Airy's equation compared with ``facsimile" equations
clear all close all
Solution near t=0. Here is the correct way to enter Airy's equation.
airy = @(t, y) [y(2); t*y(1)]; [tfor, yfor] = ode45(airy, [0,2], [0,1]); plot(tfor, yfor(:,1), 'r') hold on [tbak, ybak] = ode45(airy, [0,-2], [0,1]); plot(tbak, ybak(:,1), 'r') facA = dsolve('D2y = 0', 'y(0)=0', 'Dy(0)=1') ezplot(facA, [-2, 2]) hold off title(['solution to Airy\prime', 's equation and facsimile near t=0'])
facA = t
The facsimile agrees well with the actual solution in a neighborhood of the origin.
Solution for t near -16 = -4^2.
solb = ode45(airy, [0,-20], [0,1]); tt = -18:.05:-14; yy = deval(solb, tt, 1); plot(tt, yy, 'r') hold on
After viewing the graph, we see that it does resemble a sine curve.

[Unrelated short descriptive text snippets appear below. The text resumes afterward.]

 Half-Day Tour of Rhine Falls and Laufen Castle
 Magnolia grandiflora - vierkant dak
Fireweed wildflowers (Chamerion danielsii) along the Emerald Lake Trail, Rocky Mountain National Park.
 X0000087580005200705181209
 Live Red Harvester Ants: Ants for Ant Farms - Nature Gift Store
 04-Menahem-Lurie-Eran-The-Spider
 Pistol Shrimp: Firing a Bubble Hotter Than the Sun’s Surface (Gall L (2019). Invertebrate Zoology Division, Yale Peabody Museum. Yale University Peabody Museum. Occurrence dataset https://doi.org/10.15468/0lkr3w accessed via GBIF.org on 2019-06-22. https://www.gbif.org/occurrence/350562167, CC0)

Now the solutions of y'' = -16*y are spanned by sin(4*t) and cos(4*t). So we want to find the best values of a(1) and a(2) for which yy ~ a(1)*sin(4*tt) + a(2)*cos(4*tt) We can do this with MATLAB's "backslash" command, as discussed in sections 4.1.3 and 8.4.
a = [sin(4*tt) ; cos(4*tt)]' \ yy' facB = a(1)*sin(4*tt) + a(2)*cos(4*tt); plot(tt, facB, 'b') hold off axis([-18 -14 -1 1]) title(['solution to Airy\prime', ... 's equation and facsimile near t=-16'])
a =
-0.3360
0.5358
Solution for t near 16 = 4^2.
solf = ode45(airy, [0,18], [0,1]); tt = 14:.05:18; yy = deval(solf, tt, 1); plot(tt, yy, 'r') hold on axis([14 18 10^20 4*10^21])

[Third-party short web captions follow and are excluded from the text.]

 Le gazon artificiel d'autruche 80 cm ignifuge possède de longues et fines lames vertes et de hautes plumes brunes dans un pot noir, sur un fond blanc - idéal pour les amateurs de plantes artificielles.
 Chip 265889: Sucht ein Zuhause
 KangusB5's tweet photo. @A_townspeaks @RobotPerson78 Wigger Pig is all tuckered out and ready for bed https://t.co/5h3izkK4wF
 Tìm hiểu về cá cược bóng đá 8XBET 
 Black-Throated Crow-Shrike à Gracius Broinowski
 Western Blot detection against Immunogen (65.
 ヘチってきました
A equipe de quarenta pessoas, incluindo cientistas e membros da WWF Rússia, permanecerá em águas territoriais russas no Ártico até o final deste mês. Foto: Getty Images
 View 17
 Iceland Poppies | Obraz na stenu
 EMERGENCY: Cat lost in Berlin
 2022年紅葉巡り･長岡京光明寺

After viewing the graph, we see that it does resemble a hyperbolic sine curve. Now the solutions of y'' = -16*y are spanned by sinh(4*t) and cosh(4*t). So we want to find the best values of a(1) and a(2) for which yy ~ a(1)*sinh(4*tt) + a(2)*cosh(4*tt) We can do this with MATLAB's "backslash" command, as discussed in sections 4.1.3 and 8.4.
a = [sinh(4*tt) ; cosh(4*tt)]' \ yy' facC = a(1)*sinh(4*tt) + a(2)*cosh(4*tt); plot(tt, facC, 'b') hold off axis([14 18 10^20 4*10^21]) title(['solution to Airy\prime', ... 's equation and facsimile near t=16'])
Warning: Rank deficient, rank = 1, tol = 2.9111e+17.
a =
1.0e-09 *
0.4160
0
Since the solution is so large, we can get a better picture with a semilogarithmic plot. Recall that a semilog plot of an exponential function looks almost like a straight line.
semilogy(tt, yy, 'r', tt, facC, 'b') title('semilog plot of solution and facsimile near t=16')
Solution over (-20,2), oscillations for negative time
ttb = -20:0.05:0; yyb = deval(solb, ttb, 1); ttf = 0:0.05:2; yyf = deval(solf, ttf, 1); plot(ttb, yyb, 'b', ttf, yyf, 'b') axis([-20 2 -2 3]) title(['Oscillations in the solution to Airy\prime', ... 's equation'])
It appears that the frequency increases and the amplitude decreases as t goes to minus infinity. The increasing frequency is predicted by our analysis; the decreasing amplitude is harder to explain.